We were kind of building the aircraft carrier while at the same time lining up planes to land. We were at 1 million downloads, and we're now at almost 13 million downloads. We've got over 50 publishing partners from the industry, and we generated over $150 million in revenue, which was almost a 400 percent increase over last year's total. From a numbers standpoint, we landed all those planes. But again, EA is a very challenging place. When we go up on the boards, and we go to the forums, and to Reddit, we keep track of what our customers are saying - they want more, and they expect more. I expect more, and everybody on my team expects more. We want to have a 90+ Metacritic service just like every game team that works on a game at EA wants to have a 90+ Metacritic game. No one ever sets out to release a 75!

Q: It's hard to work on the quality while also expanding the number of services, and the number of users, and the number of games...

David DeMartini: Yeah, but as the comedian says, "Nobody cares!" Nobody cares that it's hard, because it is really hard. We don't make any excuses and EA doesn't believe in having any excuses. We've got to continue to make the service better, dramatically better, and stickier, on a quarter by quarter basis throughout this entire fiscal year and that's what we intend to do. That's what we've lined up, and now it's really a matter of execution against our plans, to give people the kind of differentiated service that will make Origin unique in the industry. That's not a value judgment on "It'll make it better than Steam, it'll make it better than Impulse." It will be its own thing and it will be really good, and the customers get to choose.

"We've got to continue to make the service better, dramatically better, and stickier, on a quarter by quarter basis throughout this entire fiscal year"

David DeMartini

Q: It's hard to get people to come back if they have been dissatisfied, though.

David DeMartini: Yes, you have to be smart about how you re-engage.
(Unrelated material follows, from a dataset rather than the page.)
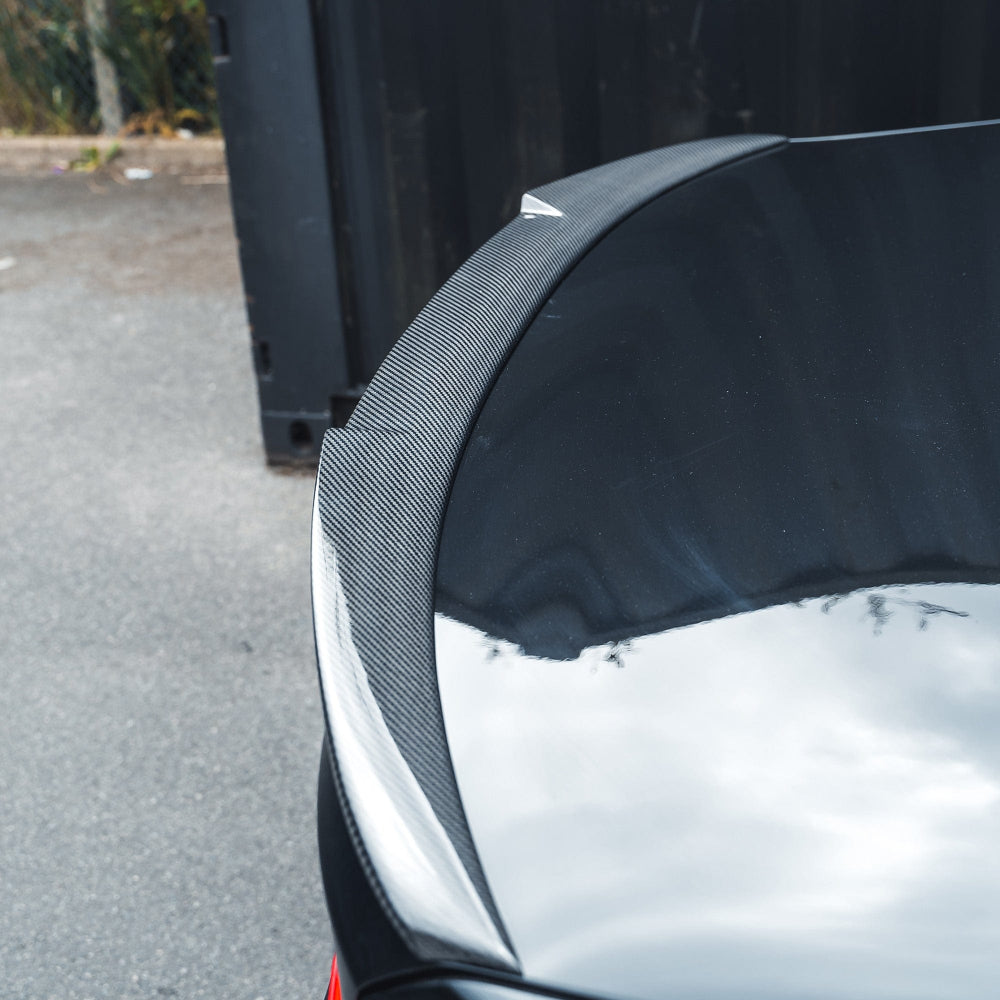 BMW M3 F80 and F30 3 Series carbon fiber spoiler by CT Carbon, showcasing a sleek, V-style aerodynamic rear spoiler.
Maybe it's twice as hard to re-acquire them the next time.

Q: How is your program going to provide free distribution for indies?
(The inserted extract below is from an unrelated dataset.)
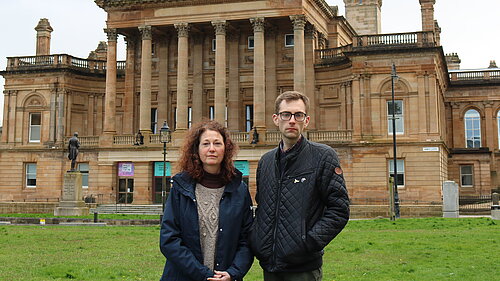 Anne Hannigan and Jack Clark standing next to each other, looking unhappy with Paisley Town Hall in the background.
David DeMartini: We've had a ton of phone calls, because anybody who's looking to be crowd-funded has called and said "This seems to good to be true!" And we say it's too good to be true, but it is true. If you have a successfully crowd-funded venture, the first 90 days of sales on Origin is free of any fee for Electronic Arts. This was the first thing Origin did that no one could complain about. The hardcore loves crowd-funding, and that hardcore has been a little tough on Origin the last twelve months, so we figured this is something we could do that is going to please the hardcore; it's going to please the independent development community, and it just seemed like a great idea all the way around.

1

Q: One of the problems with Steam for independent developers has been the uncertainty of whether or not Steam would distribute your title once it's done, because you have to go through an approval process.

David DeMartini: By removing that, a lot of the uncertainty goes away. That doesn't mean they're all going to be million sellers, but I'm hoping that by the time we release our first one we could have 15 to 20 million who are regularly launching the Origin application. That gives a small title an opportunity to be exposed to a huge audience. If you've got an idea, and you're able to take it soup to nuts and put it out there, the ultimate judge now becomes not the twelve hurdles I need to jump through; the ultimate judge becomes the consumer, the game player. I think that's what every game developer wants - they just want to be judged by the target audience they're trying to satisfy.

Q: At least if they've gone through that crowd-funding filter they have convinced thousands of people that it's a good thing.

David DeMartini: If it's finished, if it's credible, if it's testable, we're going to post it.

Q: Strategically, what's important for you over the next year? Any specifics?

"If it's finished, if it's credible, if it's testable, we're going to post it."

David DeMartini

David DeMartini: The basic price of admission over the next twelve months is to continue to make everything better. Smaller memory footprint, easier to install, easier experience, all that kind of stuff. But nobody cares about that kind of stuff; they expect that you're going to be doing that. What we're going to lean into is the same kind of things EA is leaning into. You want to game, and you're going to brag and challenge amongst your circle of friends. So we're going to be leaning into seeing your achievements, posting your achievements to your friends, to be able to challenge your friends to take on achievements that you might have already achieved, even creating a meta-layer of achievements saying "I've achieved this in these four EA games, can you do that?"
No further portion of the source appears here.